PSA-based prostate cancer screening reduces mortality but increases diagnoses
This Cochrane meta-analysis synthesized evidence from six randomized controlled trials conducted in Europe and North America, involving 789,086 randomised participants. The population included men aged 45 to 80 years with no prior diagnosis of prostate cancer. The intervention was prostate cancer screening based on PSA testing, alone or with digital rectal examination, or PSA-based screening combined with kallikrein panels and MRI. The comparator was no screening or usual care without systematic PSA screening. Follow-up ranged from 3.2 to 23 years.
The primary outcomes were prostate cancer-specific mortality, overall mortality, and adverse events. For prostate cancer-specific mortality, screening likely results in a reduction (Rate Ratio 0.87; 95% CI 0.80 to 0.95; 1 study, 162,236 participants; moderate-certainty evidence). Assuming a baseline risk of 16 prostate-cancer-related deaths per 1000, this corresponds to 2 fewer deaths per 1000 (95% CI 3 fewer to 1 fewer). For overall mortality, screening may reduce mortality, but the confidence interval includes little to no effect (Rate Ratio 0.99; 95% CI 0.97 to 1.00; 4 studies, 675,121 participants; low-certainty evidence). Assuming a baseline risk of 491 deaths from any cause per 1000, this corresponds to 5 fewer deaths per 1000 (95% CI 15 fewer to 0 fewer).

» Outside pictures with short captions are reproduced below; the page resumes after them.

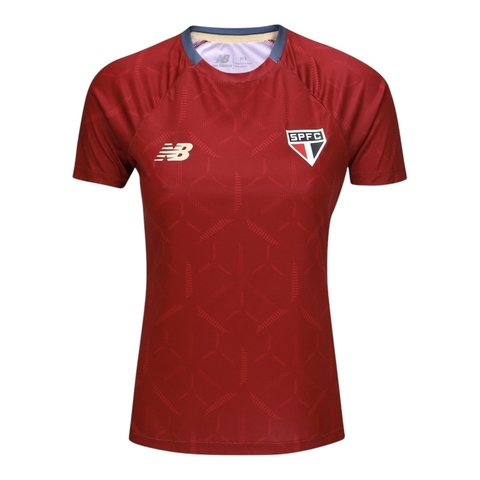 Camisa São Paulo Treino 25/26 - Torcedor New Balance Feminina - Vermelha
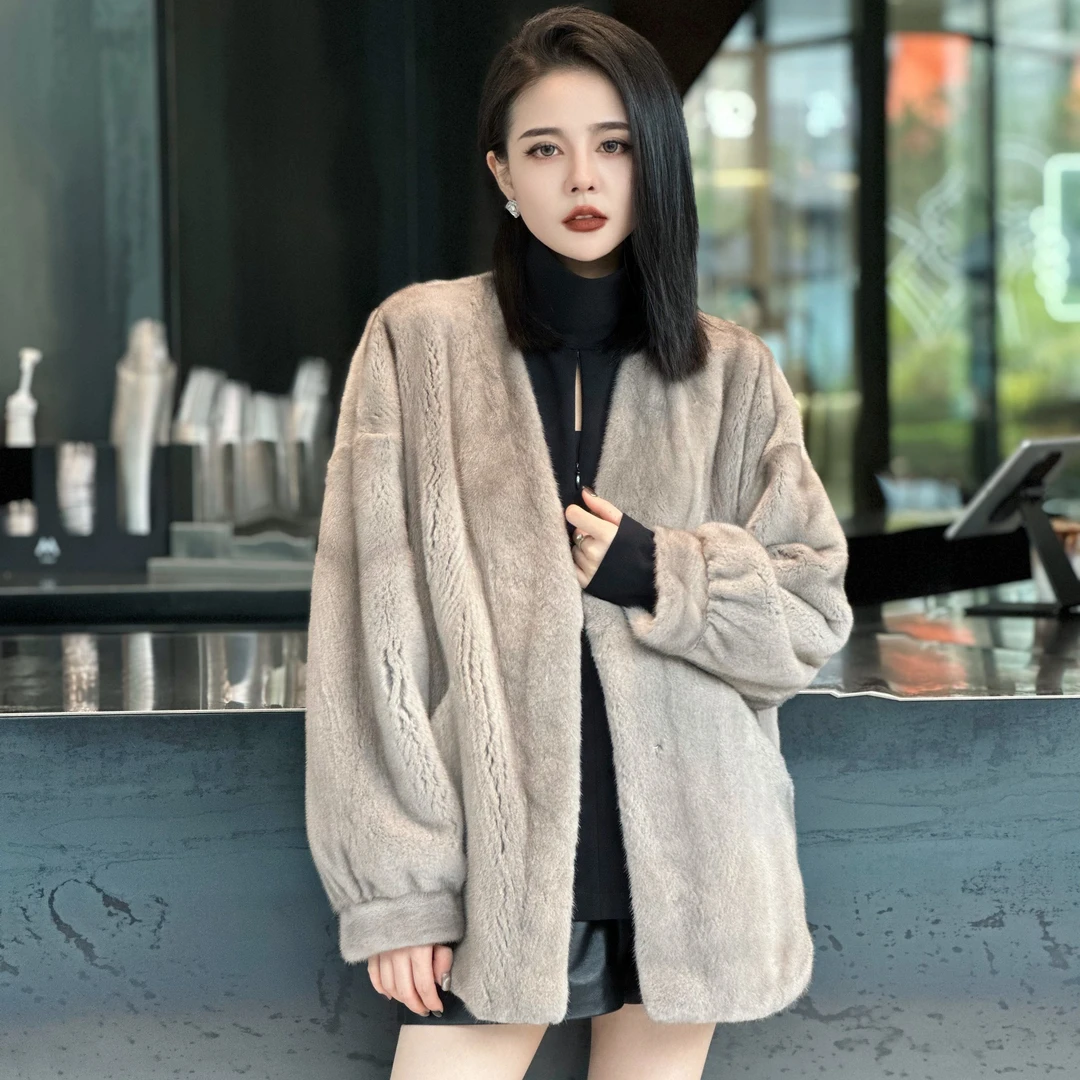 【昆岚织梦】Z.R上品屋 时尚气质轻奢哥本哈根紫金水貂上衣外套
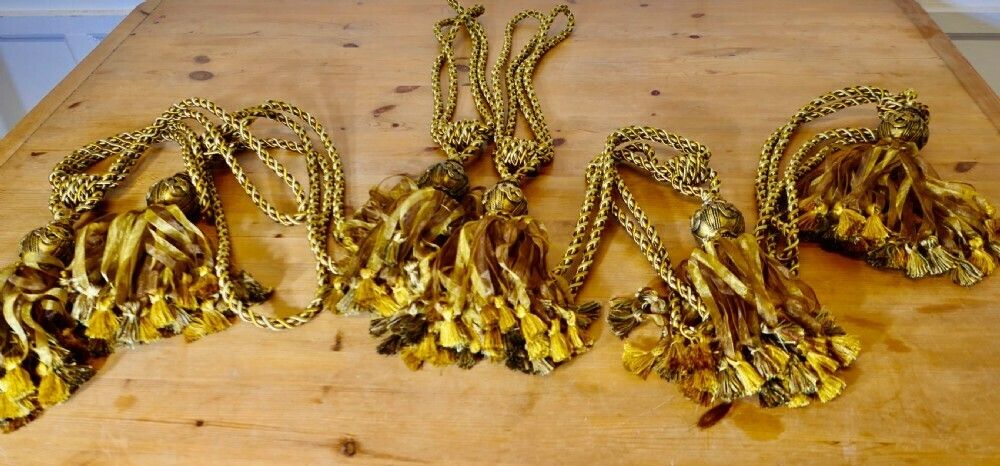 3 Beautiful Pairs Of Very Large Gold Silk Tassels photo for sale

For adverse events, screening may result in little to no difference (RR 1.32; 95% CI 0.48 to 3.65; 1 study, 408,721 participants; low-certainty evidence). Assuming a baseline risk of 3 deaths from any cause per 100,000, this corresponds to 1 more death per 100,000 (95% CI 2 fewer to 8 more). Screening likely increases prostate cancer diagnoses (Rate Ratio 1.30; 95% CI 1.27 to 1.34; 1 study, 162,241 participants; moderate-certainty evidence), with a minimal clinically important difference (MCID) of 10 per 1000 participants.
Key secondary outcomes showed screening likely increases localised disease diagnosis (RR 1.53; 95% CI 1.48 to 1.59; 1 study, 162,236 participants; moderate-certainty evidence) and may reduce metastatic prostate cancer diagnosis (RR 0.65; 95% CI 0.59 to 0.71; 1 study, 162,236 participants; low-certainty evidence). Screening likely has little to no effect on advanced prostate cancer diagnosis (RR 0.90; 95% CI 0.85 to 0.95; 1 study, 162,236 participants; moderate-certainty evidence). For PSA, kallikrein panel, and MRI screening versus control, screening likely has little to no effect on prostate cancer diagnosis (RR 1.85; 95% CI 1.56 to 2.19; 1 study, 60,745 participants; moderate-certainty evidence).
Safety findings indicated screening may result in little to no difference in adverse events as measured by deaths related to prostate biopsy or treatment; safety data for PSA, kallikrein panel, and MRI screening were not reported. Serious adverse events and discontinuations were not reported. Tolerability was not reported.
These results compare to prior landmark studies in this therapeutic area, such as the European Randomized Study of Screening for Prostate Cancer and the Prostate, Lung, Colorectal, and Ovarian Cancer Screening Trial, which reported mixed findings on mortality reduction and increased diagnosis of localised disease. This meta-analysis aligns with those observations but provides updated evidence with larger sample sizes and longer follow-up.
Key methodological limitations include study limitations, inconsistency, and imprecision that reduced confidence in effect estimates. Interpretation is highly sensitive to the choice of minimal clinically important difference (MCID). Insufficient evidence exists on potential harms such as biopsy- and treatment-related complications. Results on mortality for emerging alternatives like kallikrein panels and MRI are not yet known.
Clinically, screening likely reduces prostate cancer-specific mortality and may reduce overall mortality, but may have little to no effect on adverse events; interpretation depends on MCID thresholds. Practice decisions should consider individual patient risk, values, and preferences, given the moderate-certainty evidence for mortality reduction and increased diagnoses.
Unanswered questions include the long-term impact of screening on quality of life, the role of emerging biomarkers and imaging, and the balance of benefits and harms in diverse populations. Future research should address these gaps to inform personalized screening strategies.